RECORDS SUPPLIED -
((

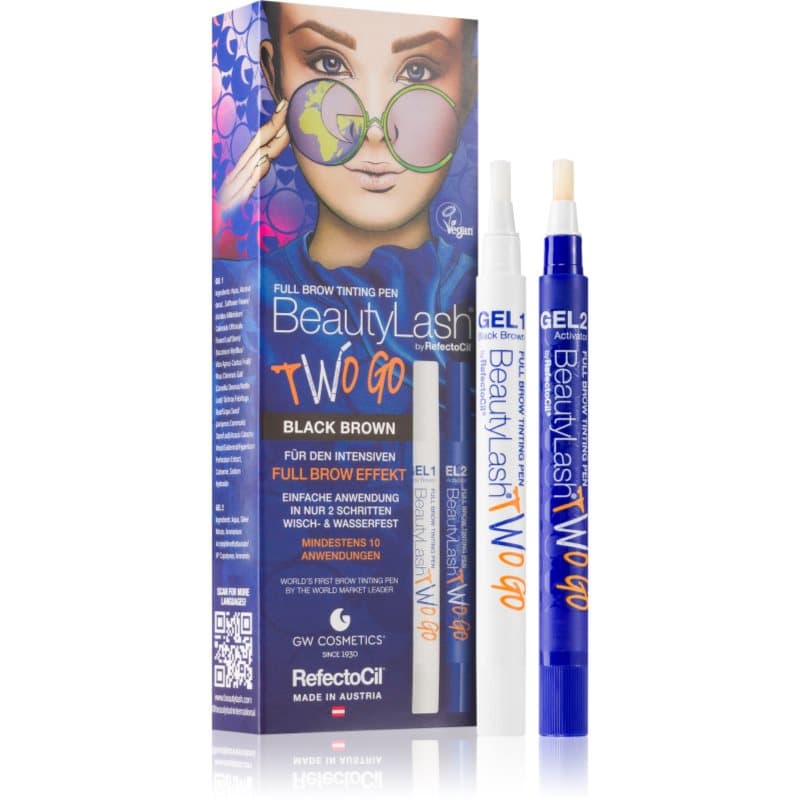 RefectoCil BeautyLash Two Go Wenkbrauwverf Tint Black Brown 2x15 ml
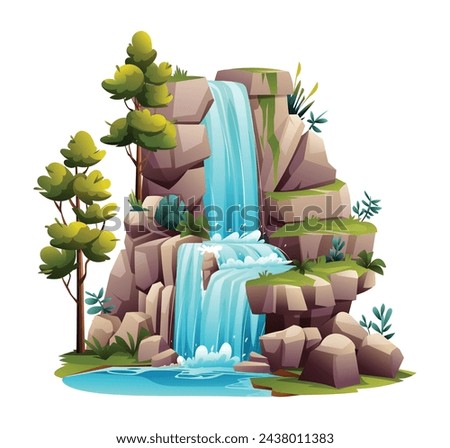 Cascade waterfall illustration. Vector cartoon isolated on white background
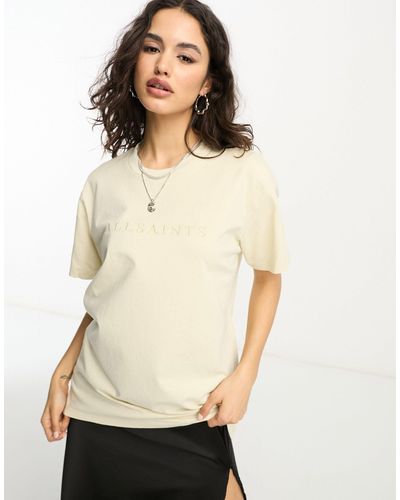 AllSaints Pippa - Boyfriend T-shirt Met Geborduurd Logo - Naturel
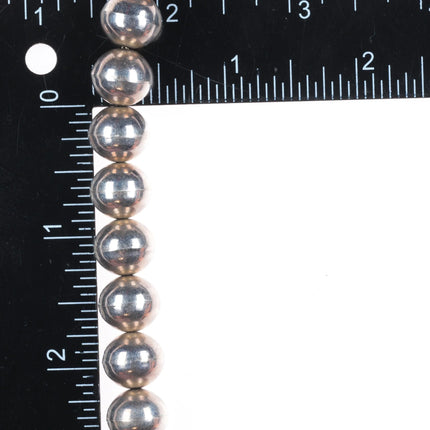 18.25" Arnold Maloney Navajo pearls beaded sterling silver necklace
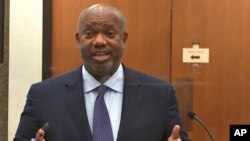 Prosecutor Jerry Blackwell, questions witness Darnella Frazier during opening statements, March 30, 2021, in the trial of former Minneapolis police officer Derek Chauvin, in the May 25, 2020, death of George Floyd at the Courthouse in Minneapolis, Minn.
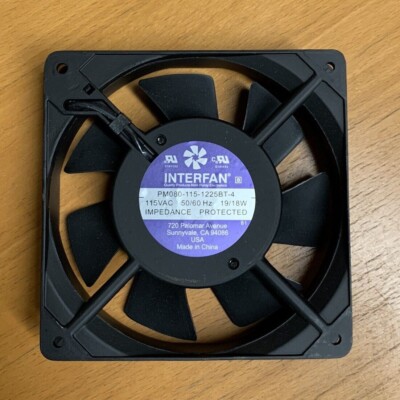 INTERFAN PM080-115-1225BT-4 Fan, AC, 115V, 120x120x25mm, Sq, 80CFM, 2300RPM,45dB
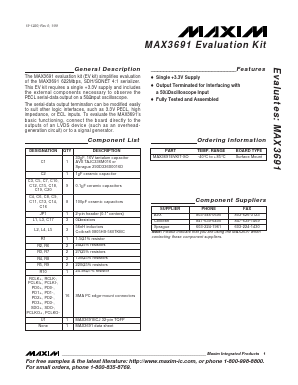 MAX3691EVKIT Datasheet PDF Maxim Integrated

))

DIRECTIONS -
What is needed is an exact copy of the data, with the pictures removed.

FINISHED TASK -
 RefectoCil BeautyLash Two Go Wenkbrauwverf Tint Black Brown 2x15 ml
 Cascade waterfall illustration. Vector cartoon isolated on white background
 AllSaints Pippa - Boyfriend T-shirt Met Geborduurd Logo - Naturel
 18.25" Arnold Maloney Navajo pearls beaded sterling silver necklace
 Prosecutor Jerry Blackwell, questions witness Darnella Frazier during opening statements, March 30, 2021, in the trial of former Minneapolis police officer Derek Chauvin, in the May 25, 2020, death of George Floyd at the Courthouse in Minneapolis, Minn.
 INTERFAN PM080-115-1225BT-4 Fan, AC, 115V, 120x120x25mm, Sq, 80CFM, 2300RPM,45dB
 MAX3691EVKIT Datasheet PDF Maxim Integrated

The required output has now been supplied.